**TASK BRIEF**
In the listing below, find the line with "Rafael RAMIREZ CARRASCO" and the line with "regulation in the financial sector.". Repeat those two lines and all lines between them exactly.

**INPUT DATA**
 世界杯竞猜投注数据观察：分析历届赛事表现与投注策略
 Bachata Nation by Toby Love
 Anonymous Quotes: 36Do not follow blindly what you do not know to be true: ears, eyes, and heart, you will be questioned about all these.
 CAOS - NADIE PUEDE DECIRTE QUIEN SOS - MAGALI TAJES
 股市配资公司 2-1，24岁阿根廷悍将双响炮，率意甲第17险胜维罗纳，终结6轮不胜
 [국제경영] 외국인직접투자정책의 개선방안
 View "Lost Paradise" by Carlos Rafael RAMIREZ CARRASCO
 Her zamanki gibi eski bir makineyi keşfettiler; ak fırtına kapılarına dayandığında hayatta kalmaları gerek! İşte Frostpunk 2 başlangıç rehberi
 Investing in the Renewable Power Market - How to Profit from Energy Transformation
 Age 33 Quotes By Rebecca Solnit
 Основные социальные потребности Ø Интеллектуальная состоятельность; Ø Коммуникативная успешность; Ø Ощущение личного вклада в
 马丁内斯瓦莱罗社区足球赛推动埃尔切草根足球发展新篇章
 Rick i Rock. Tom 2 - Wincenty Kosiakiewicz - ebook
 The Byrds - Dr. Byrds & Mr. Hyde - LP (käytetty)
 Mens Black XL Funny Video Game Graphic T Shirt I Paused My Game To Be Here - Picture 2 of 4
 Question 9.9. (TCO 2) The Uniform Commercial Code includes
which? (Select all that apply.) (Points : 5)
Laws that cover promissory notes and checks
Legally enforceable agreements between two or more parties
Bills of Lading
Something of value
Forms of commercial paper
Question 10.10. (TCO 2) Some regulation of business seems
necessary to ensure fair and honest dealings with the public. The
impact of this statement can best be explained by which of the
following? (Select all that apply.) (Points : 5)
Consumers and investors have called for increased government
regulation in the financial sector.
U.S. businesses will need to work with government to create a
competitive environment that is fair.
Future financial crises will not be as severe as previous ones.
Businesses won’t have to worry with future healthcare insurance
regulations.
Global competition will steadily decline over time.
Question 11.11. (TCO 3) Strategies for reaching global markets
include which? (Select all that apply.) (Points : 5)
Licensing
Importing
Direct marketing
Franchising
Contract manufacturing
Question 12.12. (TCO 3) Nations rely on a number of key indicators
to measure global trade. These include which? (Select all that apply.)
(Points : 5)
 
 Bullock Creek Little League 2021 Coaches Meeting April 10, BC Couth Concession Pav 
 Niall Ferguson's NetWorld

**WRITTEN RESPONSE**
 View "Lost Paradise" by Carlos Rafael RAMIREZ CARRASCO
 Her zamanki gibi eski bir makineyi keşfettiler; ak fırtına kapılarına dayandığında hayatta kalmaları gerek! İşte Frostpunk 2 başlangıç rehberi
 Investing in the Renewable Power Market - How to Profit from Energy Transformation
 Age 33 Quotes By Rebecca Solnit
 Основные социальные потребности Ø Интеллектуальная состоятельность; Ø Коммуникативная успешность; Ø Ощущение личного вклада в
 马丁内斯瓦莱罗社区足球赛推动埃尔切草根足球发展新篇章
 Rick i Rock. Tom 2 - Wincenty Kosiakiewicz - ebook
 The Byrds - Dr. Byrds & Mr. Hyde - LP (käytetty)
 Mens Black XL Funny Video Game Graphic T Shirt I Paused My Game To Be Here - Picture 2 of 4
 Question 9.9. (TCO 2) The Uniform Commercial Code includes
which? (Select all that apply.) (Points : 5)
Laws that cover promissory notes and checks
Legally enforceable agreements between two or more parties
Bills of Lading
Something of value
Forms of commercial paper
Question 10.10. (TCO 2) Some regulation of business seems
necessary to ensure fair and honest dealings with the public. The
impact of this statement can best be explained by which of the
following? (Select all that apply.) (Points : 5)
Consumers and investors have called for increased government
regulation in the financial sector.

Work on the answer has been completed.